Kim Hammonds, Group Chief Operating Officer of Deutsche Bank, donned virtual reality goggles on Friday as she opened a new data lab in Dublin. The lab aims to bring information to life for staff so that they can use it to enhance the Bank’s products, services and processes.
The goggles displayed client analytics in three dimensions, enabling Hammonds to spot connections between different sets of data and see the effects of applying different filters to the data at a glance.
Ray Richardson, Head of Research & Development in Dublin, said that the goggles encouraged users to ask questions that might not otherwise occur to them and to work in a new way, unconstrained by a keyboard or monitor.
The lab, in Dublin, Ireland, uses cutting-edge technology to scan vast quantities of information for patterns and insights and present them in a user-friendly visual format. It has been specially designed to help staff interact with data, with floor-to-ceiling whiteboards for capturing ideas, banks of video screens for displaying information and break-out spaces for collaboration.
Hammonds watched as images appeared on video screens showing the flow of information between the Bank, the links between different legal entities with whom the Bank does business and even between various Group audit points.
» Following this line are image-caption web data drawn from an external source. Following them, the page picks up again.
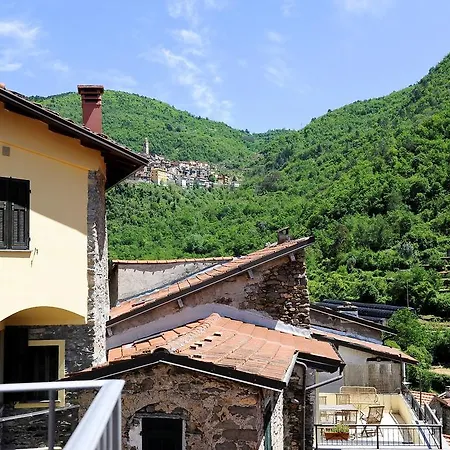 Panoramic With Balcony And Terrace Pigna
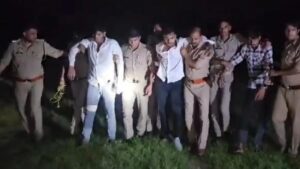 Uttar Pradesh: बरेली में पुलिस मुठभेड़ में 6 बदमाश गिरफ्तार, 3 को गोली मारकर पकड़ा गया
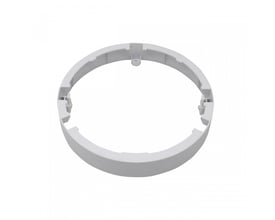 SpectrumLED overflademonteringsramme i hvidt plast, rundt design til 3 x 24W LED-paneler, måler 220x36 mm.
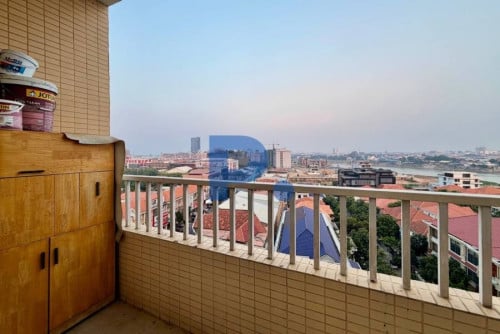 110 SQM!!! Spacious 2 Bedrooms Condo for RENT in Rose Condo near AEON Mall 1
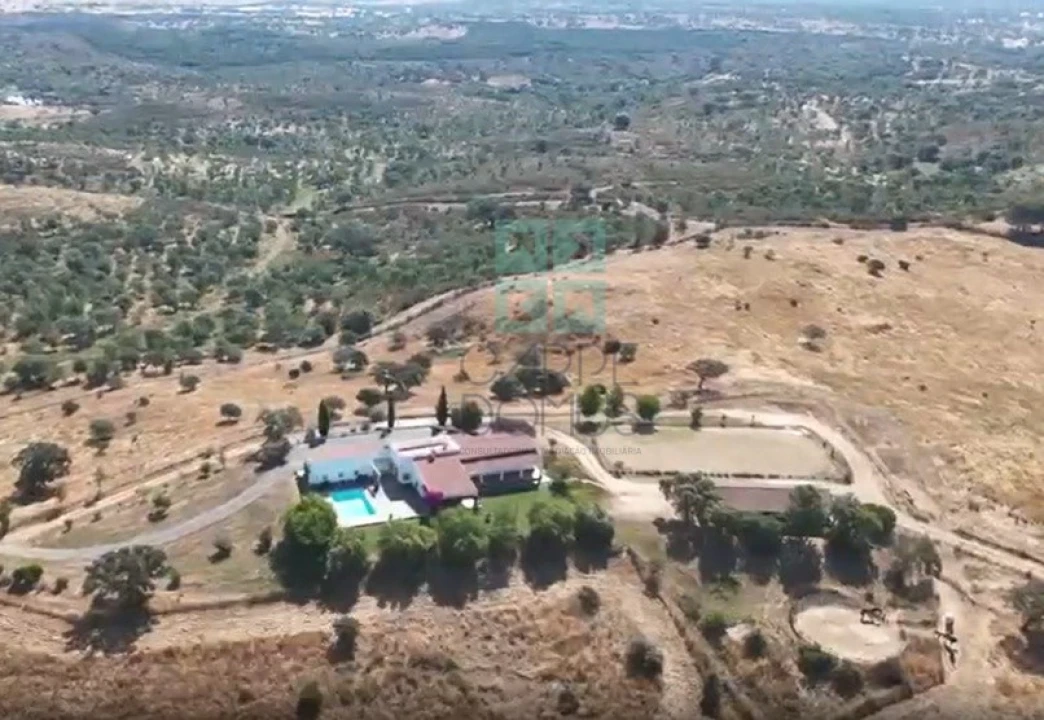 Moradia T5 para Venda em Garvão e Santa Luzia Foto 3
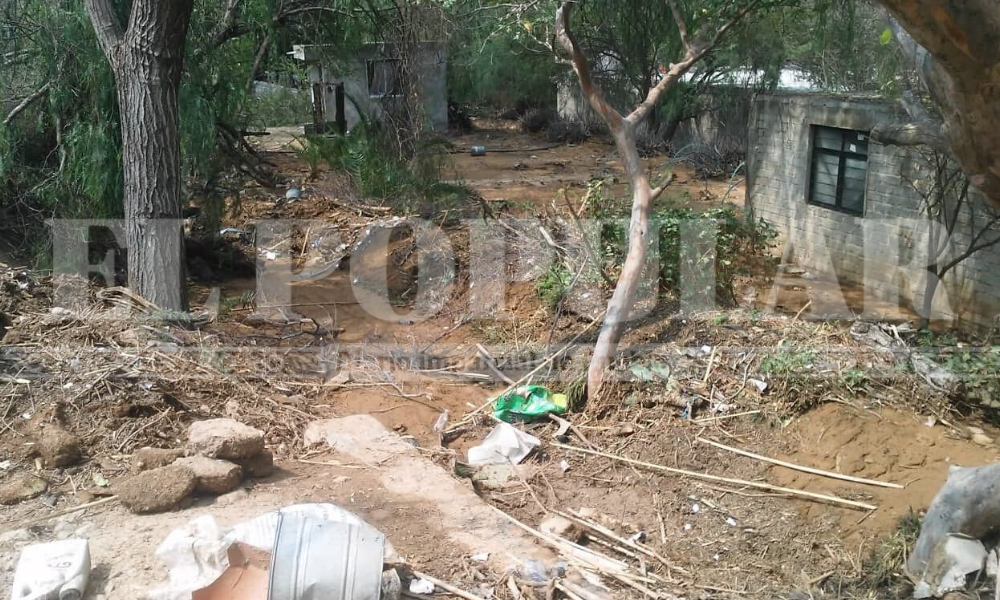 Barranca desbordada deja daños y un muerto en  Coxcatlán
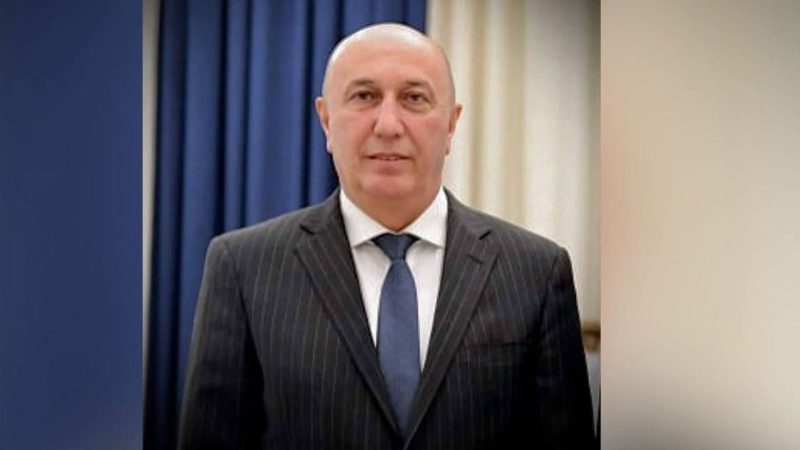 من هو رئيس الجمهورية المنتخب ” نزار اميدي ” ؟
The databases will also be accessible by colleagues in the business divisions, who will be able to contribute and update data as appropriate.
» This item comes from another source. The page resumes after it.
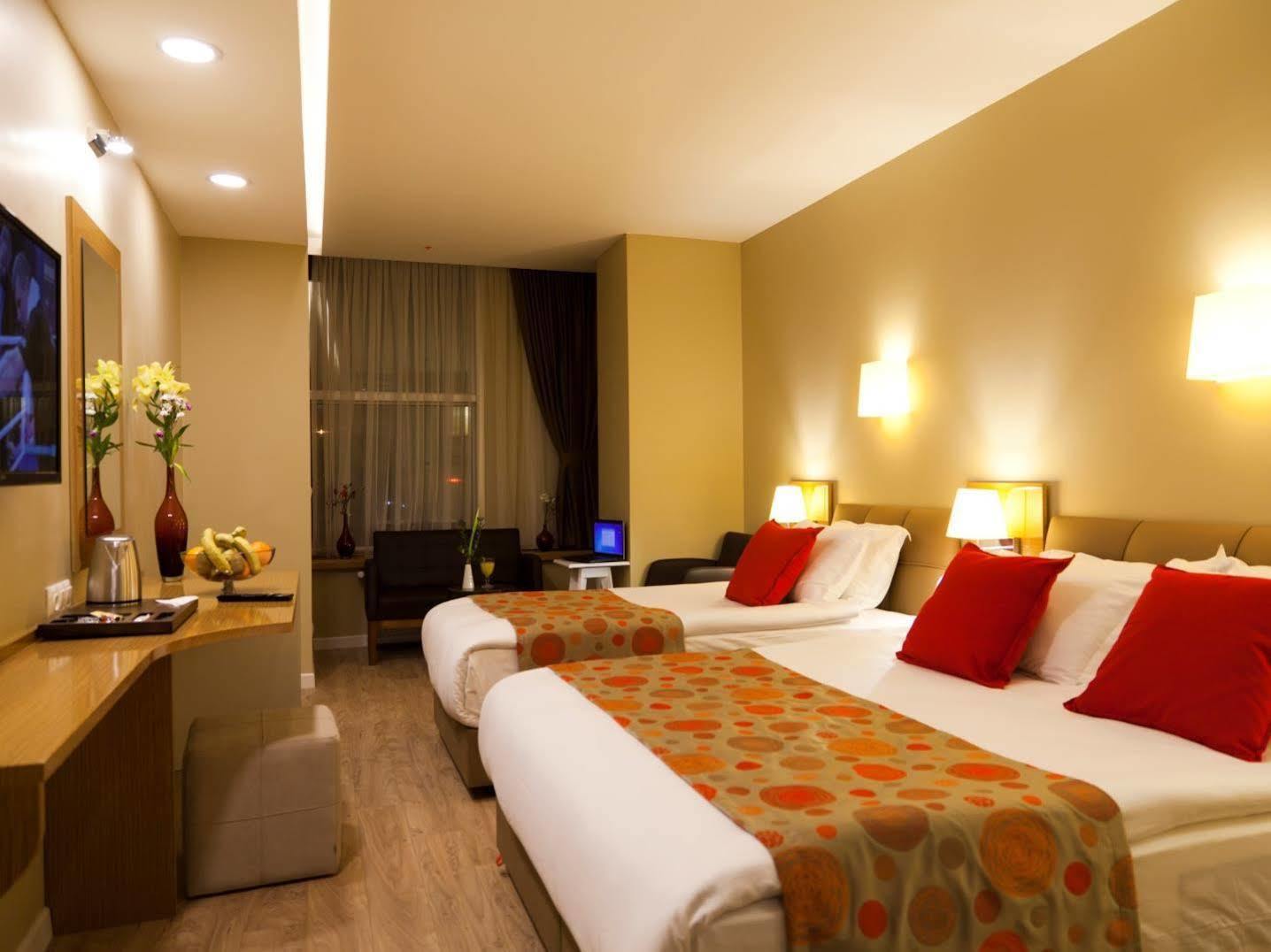 Grand Plaza Hotel อิสตันบูล ภายนอก รูปภาพ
Hammonds said that she would encourage other Management Board members to visit the site following a visit from Chief Executive John Cryan last week, saying: “You need to tell the company what you are doing so everyone understands the capability here.”
Elaborating on this later at a town hall, she said: “The whole day I have been thinking that there are so many applications of what is happening here that we can apply across the Bank. Think of everything you do and how it could be reused at scale. If we could get this scaled across the firm, we can win at a much higher speed.”
Hammonds said that she was focused on driving efficiency across the firm while reducing the complexity of systems, processes, technology and the customer base.
While modernising and simplifying the Bank’s technology remained a high priority, she said she was also exploring how technology could generate revenue: “The goal is not just technology cleanup but using technology to drive a revenue stream for the company. There is a lot of opportunity in that space.”
The lab, known as The Hive, will create 40 new roles in Dublin for data science, visualisation, analytics and technology specialists.